Absolver is a fighting game at its core, but unlike any you’ve likely played before. Much of this has to do with the unique setting. The setup is that people have been placed in this realm in order to become stronger – in hopes of the best joining ranks with the Absolvers. The lands are lush with vegetation and wonder, but also full of potential friends and enemies. That’s the truly exciting part of the game. In a way similar to Journey, up to six others players can and will phase into each others’ worlds when nearby.
This means that you’ll never know who lies around the corner. As other players come face to face they’ll have all manner of scenarios play out in their head. Should they lash out immediately or try a friendly approach? Absolver allows for both methods of play via an icon-based chat system. There is intentionally no microphone or text chat support because the developers wish to keep up an air of mystery. There’s no doubt that would be squashed if you suddenly here a raging 10-70 year old shouting into their mic. In any case, the icon chat offers up a few key options. Players can request things like joining up or to stop a battle (if one was already initiated).
When this occurs, the game recognizes it and takes steps to modify gameplay accordingly. For example, once in co-op, friendly damage is lessened tremendously. This mode in particular ensures that the other player can stick with you rather than being phased out for another random person later on. It’s a cool concept but becomes even more impressive when you bring in the next, and biggest, component of Absolver: Combat Decks.
A Combat Deck is your character’s array of attacks and skills. The thing is, this is not pre-set per character like it would be in a traditional fighting game. Players have unrivaled customization options to make their character play exactly how they want. There are four stances for attacks and every stance has its own collection of attacks. Going into the menu allows you to set each attack chain based on that stance. Of course, you’ll also find special powers to use and amp up a fighting style even more. Things don’t stop there. You can also set up different customized movesets for when the player is battling bare-handed, wearing gauntlets or wields another weapon. With tons of moves to unlock, chances are each player will end up with incredibly divergent fighting styles thanks to the immense amount of potential customization.
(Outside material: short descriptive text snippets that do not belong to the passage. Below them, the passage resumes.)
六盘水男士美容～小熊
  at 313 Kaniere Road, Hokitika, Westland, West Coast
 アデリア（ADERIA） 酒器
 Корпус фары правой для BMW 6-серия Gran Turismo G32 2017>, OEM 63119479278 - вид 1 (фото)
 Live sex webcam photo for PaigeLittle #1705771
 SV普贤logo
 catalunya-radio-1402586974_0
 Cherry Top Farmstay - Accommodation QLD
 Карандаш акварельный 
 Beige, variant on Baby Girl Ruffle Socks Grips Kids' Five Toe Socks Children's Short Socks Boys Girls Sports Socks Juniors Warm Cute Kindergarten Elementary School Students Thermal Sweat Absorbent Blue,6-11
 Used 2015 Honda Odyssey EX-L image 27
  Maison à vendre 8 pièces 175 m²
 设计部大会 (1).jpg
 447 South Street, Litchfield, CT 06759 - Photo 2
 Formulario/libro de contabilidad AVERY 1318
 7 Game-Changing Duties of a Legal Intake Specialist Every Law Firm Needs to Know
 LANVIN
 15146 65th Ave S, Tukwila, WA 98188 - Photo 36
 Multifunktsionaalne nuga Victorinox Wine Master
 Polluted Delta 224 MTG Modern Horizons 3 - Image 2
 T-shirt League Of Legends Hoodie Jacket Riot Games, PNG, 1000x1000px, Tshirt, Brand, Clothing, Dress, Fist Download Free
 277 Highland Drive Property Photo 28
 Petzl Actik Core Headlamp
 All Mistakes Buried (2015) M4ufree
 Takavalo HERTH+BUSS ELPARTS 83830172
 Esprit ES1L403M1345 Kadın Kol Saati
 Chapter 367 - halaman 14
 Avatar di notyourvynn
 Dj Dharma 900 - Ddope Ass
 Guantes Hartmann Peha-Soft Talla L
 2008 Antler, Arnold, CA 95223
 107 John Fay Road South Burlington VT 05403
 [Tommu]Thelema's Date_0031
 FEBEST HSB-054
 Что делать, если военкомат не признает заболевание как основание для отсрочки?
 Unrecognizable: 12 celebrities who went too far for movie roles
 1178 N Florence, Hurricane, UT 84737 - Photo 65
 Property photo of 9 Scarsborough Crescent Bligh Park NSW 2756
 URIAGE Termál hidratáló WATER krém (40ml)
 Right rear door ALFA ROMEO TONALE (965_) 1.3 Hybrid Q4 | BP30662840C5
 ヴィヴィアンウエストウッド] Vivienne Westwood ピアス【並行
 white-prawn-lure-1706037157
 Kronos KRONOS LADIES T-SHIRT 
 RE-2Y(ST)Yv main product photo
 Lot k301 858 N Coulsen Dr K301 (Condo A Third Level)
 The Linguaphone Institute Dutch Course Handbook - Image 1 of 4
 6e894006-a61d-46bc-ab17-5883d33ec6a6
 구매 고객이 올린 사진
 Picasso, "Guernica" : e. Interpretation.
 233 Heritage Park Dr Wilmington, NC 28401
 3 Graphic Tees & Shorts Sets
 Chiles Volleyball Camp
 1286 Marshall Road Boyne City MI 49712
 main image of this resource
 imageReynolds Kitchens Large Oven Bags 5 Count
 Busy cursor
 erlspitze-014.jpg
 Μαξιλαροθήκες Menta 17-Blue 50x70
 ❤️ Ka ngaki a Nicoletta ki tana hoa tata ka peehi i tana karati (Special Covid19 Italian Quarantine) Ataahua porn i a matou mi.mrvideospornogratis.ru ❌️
Seriously, just try to imagine how many potential fighting style options there are. And yes, different clothes and weapons come with different stats to augment your character further. There is one caveat to all this. Certain moves cannot be chained due to the fact that they don’t “match up” from one stance to the next. Why was this done? It’s partially a matter of the visual aesthetic. By slightly restricting move sets in this way, Absolver ends up featuring incredibly fluid fight animation. Each move blends right into the next instead of looking stilted like in some other fighting games.
Absolver even takes a different route with how players gain new moves. It’s not a matter of simply grinding out some XP and then unlocking chosen abilities. Instead, it takes a slightly more realistic approach. Fighting against different attacks trains your character in said attacks. Successfully parrying them offers even more experience on those moves. So basically, in order to master moves you must experience them first hand in battle. Touches like this are exactly the sort that set this game apart from the pack.
Combine all this and you end up with a ridiculously unique experience. The online play ensures that each new encounter is meaningful (and potentially quite stressful). After all, there’s no way to tell what another player’s movesets are like. You simply need to throw the first punch or kick and see how they react. Or, you can do things like join up in a Mentor-Student relationship to gain temporary access to someone else’s attacks. The Combat Deck allows for as much or as little customization as desired. With that said, it seems likely that most who gravitate to Absolver will dive in fully to create a totally unique character to suit their play style when it arrives on PC and consoles later this year.